Why is "endianness" relevant when storing data on disks but not when in memory? from Costello, Roger L. on 2013-01-05 (Unicode Mail List Archive)

From: Costello, Roger L. <costello_at_mitre.org>
Date: Sat, 5 Jan 2013 22:21:01 +0000

Hi Folks,

In the book "Fonts & Encodings" it says (I think) that endianness is relevant only when storing data on disks.

Why is endianness is not relevant when data is in memory?

On page 62 it says:

    ... when we store ... data on disk, we write
    not 32-bit (or 16-bit) numbers but series of
    four (or two) bytes. And according to the
    type of processor (Intel or RISC), the most
    significant byte will be written either first
    (the "little-endian" system) or last (the
    "big-endian" system).

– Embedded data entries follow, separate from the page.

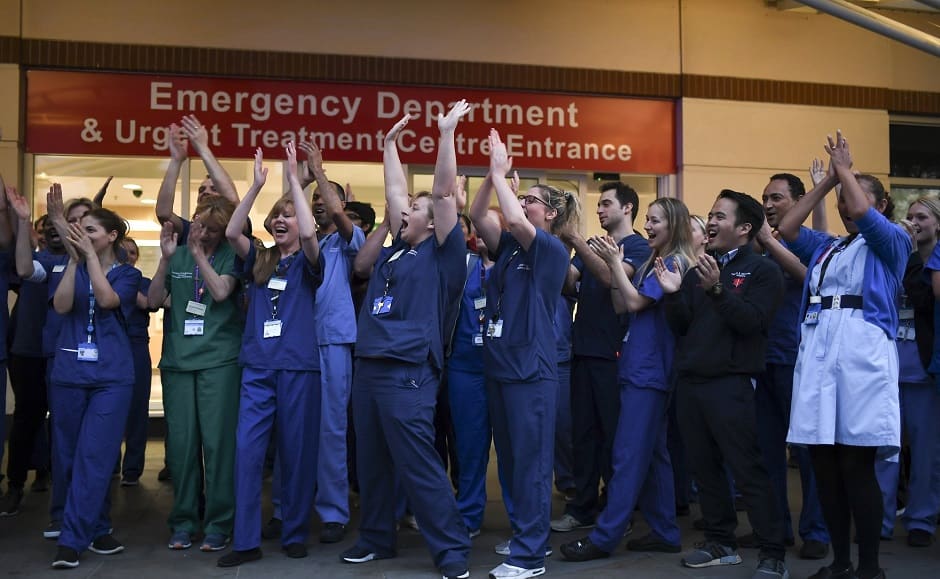 National Health Service (NHS) staff applaud outside the Chelsea and Westminster Hospital in London during the weekly "Clap for our Carers" to show appreciation for health care workers. Photo via AP/Alberto Pezzali
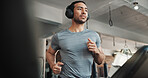 Man, headphones and workout on treadmill at gym for running, training and cardio exercise. Fitness, athlete and listening to music or radio app on machine for marathon endurance and speed challenge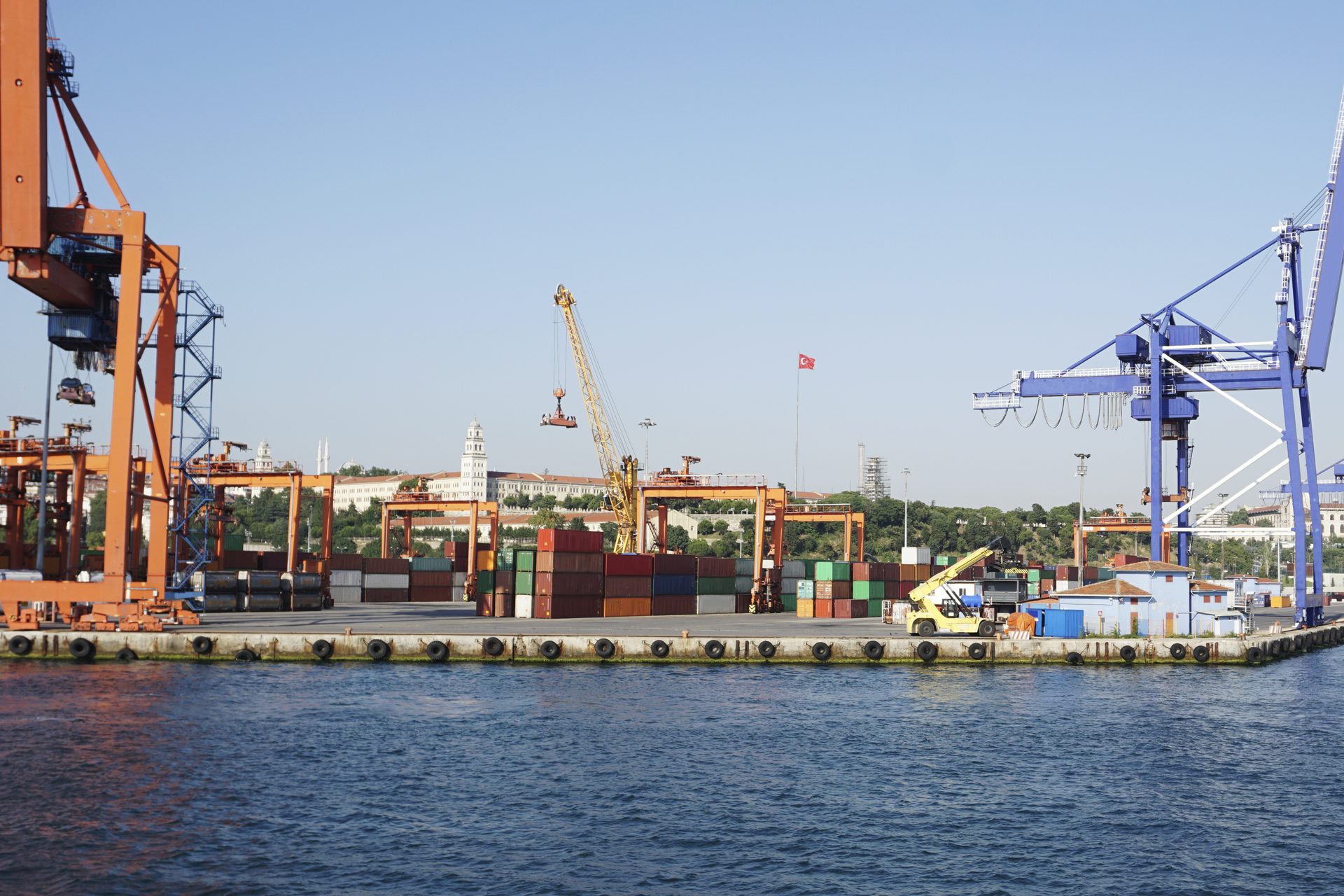 Container port quayside with orange and blue gantry cranes and stacked shipping containers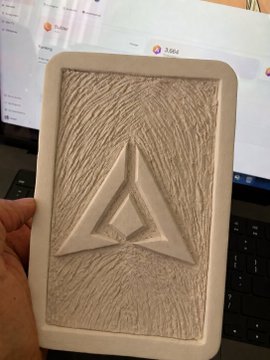 A 3D-printed or sculpted rectangular plaque featuring an Ethereum logo design with textured wood-grain pattern on a light beige material.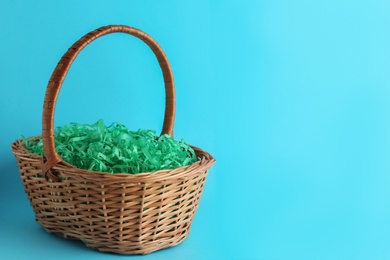 Photo of Easter basket with green paper filler on light blue background, space for text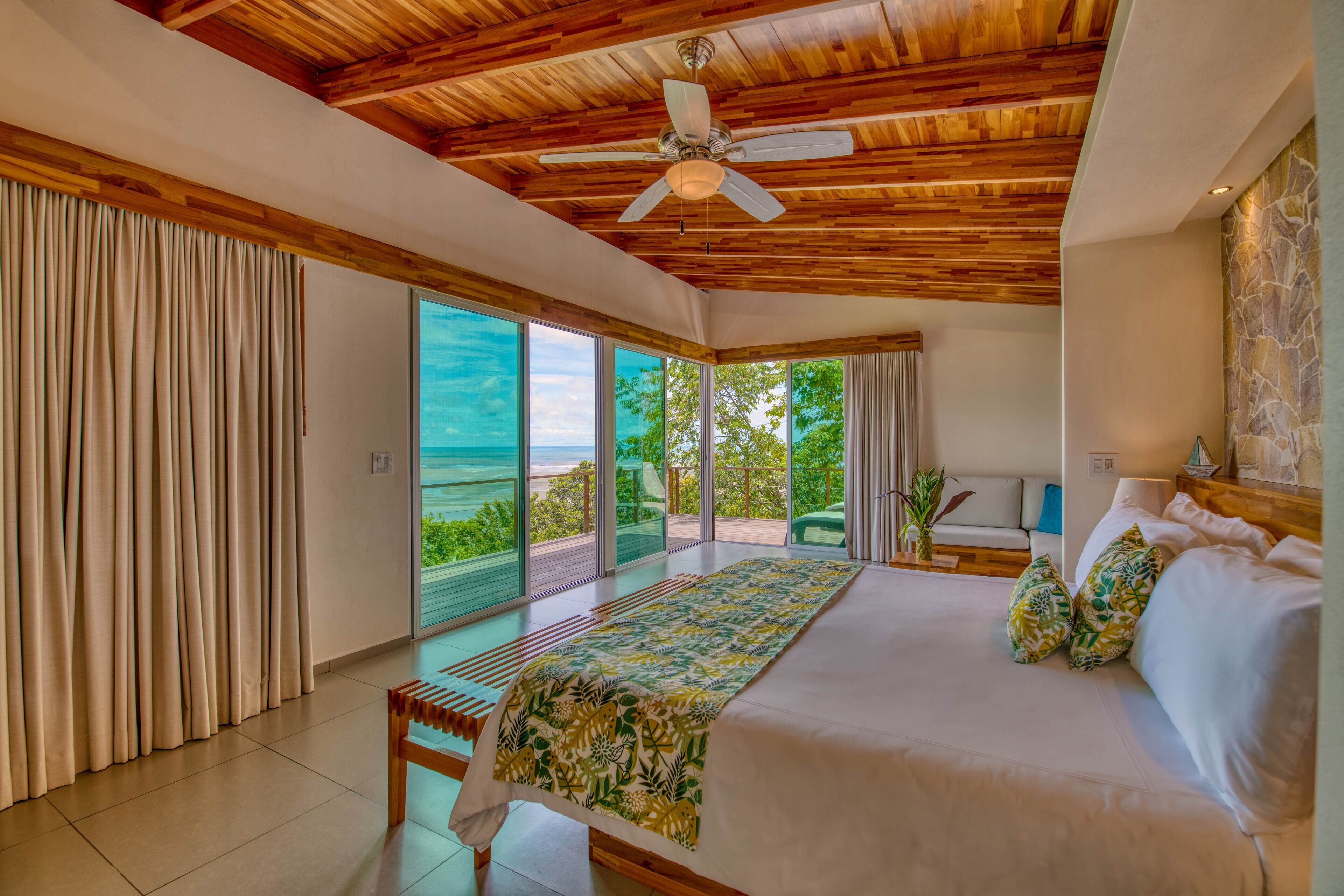 A spacious bedroom with a large bed, a ceiling fan, and a view of the ocean through sliding glass doors.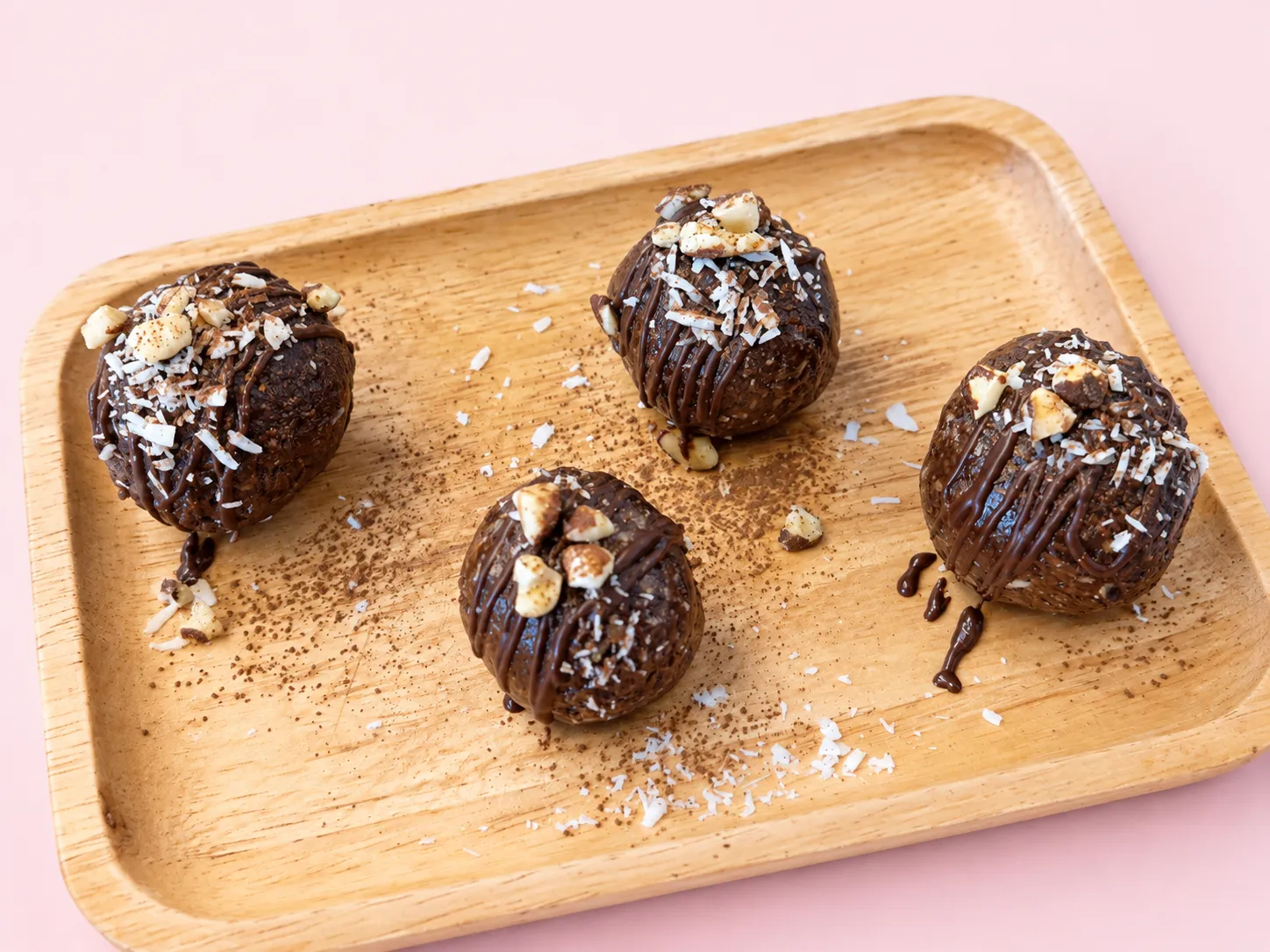 Four chocolate pecan energy bites with a chocolate drizzle, chopped nuts and coconut on a wooden tray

Therefore we have
    both a UTF-32BE and a UTF-32LE, a UTF-16BE
    and a UTF-16LE.

Then, on page 63 it says:

    ... UTF-16 or UTF-32 ... if we specify one of
   these, either we are in memory, in which case
    the issue of representation as a sequence of
    bytes does not arise, or we are using a method
    that enables us to detect the endianness of the
    document.

When data is in memory isn't it important to know whether the most significant byte is first or last?

Does this mean that when exchanging Unicode data across the Internet the endianness is not relevant?

Are these stated correctly:

When Unicode data is in a file we would say, for example, "The file contains UTF-32BE data."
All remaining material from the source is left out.